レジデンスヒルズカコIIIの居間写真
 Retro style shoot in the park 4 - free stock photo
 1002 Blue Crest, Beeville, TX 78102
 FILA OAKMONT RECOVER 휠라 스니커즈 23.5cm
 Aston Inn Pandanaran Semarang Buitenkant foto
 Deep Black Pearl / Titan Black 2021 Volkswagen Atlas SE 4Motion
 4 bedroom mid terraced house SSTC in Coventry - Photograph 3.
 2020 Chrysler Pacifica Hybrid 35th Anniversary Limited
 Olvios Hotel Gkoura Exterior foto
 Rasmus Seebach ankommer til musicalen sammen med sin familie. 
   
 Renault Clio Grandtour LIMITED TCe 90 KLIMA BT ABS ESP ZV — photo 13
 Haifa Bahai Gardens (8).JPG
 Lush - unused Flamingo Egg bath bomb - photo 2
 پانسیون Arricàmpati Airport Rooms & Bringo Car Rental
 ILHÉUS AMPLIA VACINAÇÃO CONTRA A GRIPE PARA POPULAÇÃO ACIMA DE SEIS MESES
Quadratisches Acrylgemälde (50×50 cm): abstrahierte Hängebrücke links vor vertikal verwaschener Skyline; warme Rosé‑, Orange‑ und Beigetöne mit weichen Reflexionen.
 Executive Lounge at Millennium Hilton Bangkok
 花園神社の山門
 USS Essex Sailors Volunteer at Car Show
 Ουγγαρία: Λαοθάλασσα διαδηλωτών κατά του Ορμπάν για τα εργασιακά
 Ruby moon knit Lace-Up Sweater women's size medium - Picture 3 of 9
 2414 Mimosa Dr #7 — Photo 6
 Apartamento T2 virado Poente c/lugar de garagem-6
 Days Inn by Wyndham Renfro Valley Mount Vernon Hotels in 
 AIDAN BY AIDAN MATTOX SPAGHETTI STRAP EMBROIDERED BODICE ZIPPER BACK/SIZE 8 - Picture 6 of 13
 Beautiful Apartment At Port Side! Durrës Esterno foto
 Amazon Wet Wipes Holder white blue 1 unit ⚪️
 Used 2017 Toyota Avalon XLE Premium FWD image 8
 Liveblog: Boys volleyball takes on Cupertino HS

What you are asked to do:
Would you please set down the lines from the one with "Executive Lounge at" to the end of the data above, exactly and without any other lines?

Answer to this exercise:
 Executive Lounge at Millennium Hilton Bangkok
 花園神社の山門
 USS Essex Sailors Volunteer at Car Show
 Ουγγαρία: Λαοθάλασσα διαδηλωτών κατά του Ορμπάν για τα εργασιακά
 Ruby moon knit Lace-Up Sweater women's size medium - Picture 3 of 9
 2414 Mimosa Dr #7 — Photo 6
 Apartamento T2 virado Poente c/lugar de garagem-6
 Days Inn by Wyndham Renfro Valley Mount Vernon Hotels in 
 AIDAN BY AIDAN MATTOX SPAGHETTI STRAP EMBROIDERED BODICE ZIPPER BACK/SIZE 8 - Picture 6 of 13
 Beautiful Apartment At Port Side! Durrës Esterno foto
 Amazon Wet Wipes Holder white blue 1 unit ⚪️
 Used 2017 Toyota Avalon XLE Premium FWD image 8
 Liveblog: Boys volleyball takes on Cupertino HS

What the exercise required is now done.